FACT SHEETS

In the arid zone: notes from our first art commission

10.09.18 by Sonia Leber and David Chesworth

We are artists working as the collaborative duo Sonia Leber and David Chesworth, and we are delighted to have been awarded the first CABAH Art Series commission, to create an artwork that responds to Associate Professor Tim Cohen’s climate theme research.

Our art practice is research-based, often responding to cultural situations in different cities and settings, using video, sound, architecture, and public participation. We develop our works in places undergoing social or technological change, creating video-based artworks that are both speculative and archaeological in the broadest sense of the word.

William Driver and Jonathan Palmer using a coring tool to extract a small core, Nitmiluk National Park, NT Photo: Sonia Leber and David Chesworth
Dr Tim Cohen, Aara Welz, Dr Nicola Stromsoe arriving at ancient shoreline of Lake Woods, NT Photo credit: Sonia Leber and David Chesworth

Engaging with scientific research is both exciting and challenging. The artwork we are going to make is out there waiting; images and activities to be re-interpreted, re-framed, recorded and edited. The artwork will emerge from Tim’s scientific research, as a kind of video-essay, but it will also exist significantly in the realm of the philosophical and the imaginary.

The first step has been accompanying Professor Tim Cohen’s team – Dr Matt Forbes, Dr Nicola Stromsoe and Community Liaison Officer, Aara Welz – on a field trip to the Northern Territory as they investigated the current and ancient shorelines of the remote, arid Lake Woods, and the palaeoflood deposits of Katherine Gorge/Nitmiluk, NT.

During a seven-hour drive south from Darwin, Tim made us aware of the intersecting timescales in the landscape formations we were passing. We were traveling at speed towards the centre of Australia’s vast continental plate, a long way from tectonic action at the plate edges. We observed a landscape around us that has been ‘unchanging’ over a timescale that is truly exceptional, eroding much more slowly than the rest of the world.

Engaging with scientific research is both exciting and challenging. The artwork we are going to make is out there waiting; images and activities to be re-interpreted, re-framed, recorded and edited. The artwork will emerge from Tim’s scientific research, as a kind of video-essay, but it will also exist significantly in the realm of the philosophical and the imaginary.

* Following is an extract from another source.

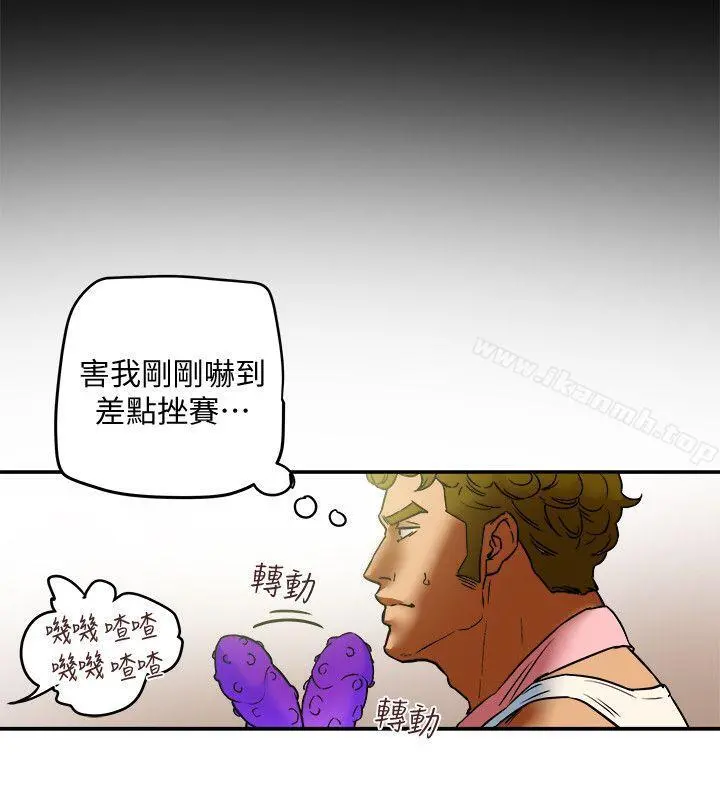 有夫同享 第11话-被威胁的有妇之夫 第10页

The first step has been accompanying Professor Tim Cohen’s team – Dr Matt Forbes, Dr Nicola Stromsoe and Community Liaison Officer, Aara Welz – on a field trip to the Northern Territory as they investigated the current and ancient shorelines of the remote, arid Lake Woods, and the palaeoflood deposits of Katherine Gorge/Nitmiluk, NT.

During a seven-hour drive south from Darwin, Tim made us aware of the intersecting timescales in the landscape formations we were passing. We were traveling at speed towards the centre of Australia’s vast continental plate, a long way from tectonic action at the plate edges. We observed a landscape around us that has been ‘unchanging’ over a timescale that is truly exceptional, eroding much more slowly than the rest of the world.

We suddenly found ourselves both captivated and disoriented; present, but also connected to the ancient past, where one timeframe folds into another. The words ‘old’ and ‘ancient’ are often used in relation to Australia in timescales that are hard to fathom. Here, we found ourselves temporally displaced, in a landscape that we could sense and understand in a new way, through Tim’s reading of the signs and signals.

“What you see out the window is in many ways similar to what you would have seen during the last interglacial period, 125,000 years ago,” Tim revealed.

“Also, during this warmer period, the temperature range would have been comparable to the present day.”

The work of the team required great acuity, and it took us on long journeys across remote cattle stations to study sediments at the shoreline of Lake Woods. A particular focus was the ancient shoreline that sits some 7km from the current edge of Lake Woods, like a massive dry “bathring” in the landscape, as Tim puts it.

“Here there is evidence of a large, presumably enduring, mega-lake that existed episodically throughout the last glacial cycle, suggesting more rainfall and runoff than today.”

“But is it that straight forward?” Tim asks, “CABAH’s research is really aiming to determine when in Australia’s past it was wet or dry and for how long. What about the cold peak glacials, such as 20,000 years ago? Was it cold and dry all over the continent? How spatially variable was it?”

We travelled north to Nitmiluk Katherine Gorge where, with the assistance of rangers and traditional owners, the team investigated palaeoflood deposits (evidence of mega-floods) in secluded riverbanks and side gorges.

At Nitmiluk, we were able to observe Zoë Thomas and Dr Jonathan Palmer taking small tree cores from cypress pines (Callitris intratropica). While tree cores reveal changes in climate over the past 100 years, this research can also inform Tim’s work on the palaeoflood deposits.

We have returned back to our studio with a great deal of audio and video footage, to view, assess, and develop thematically, as we plan our next field trip with Tim team.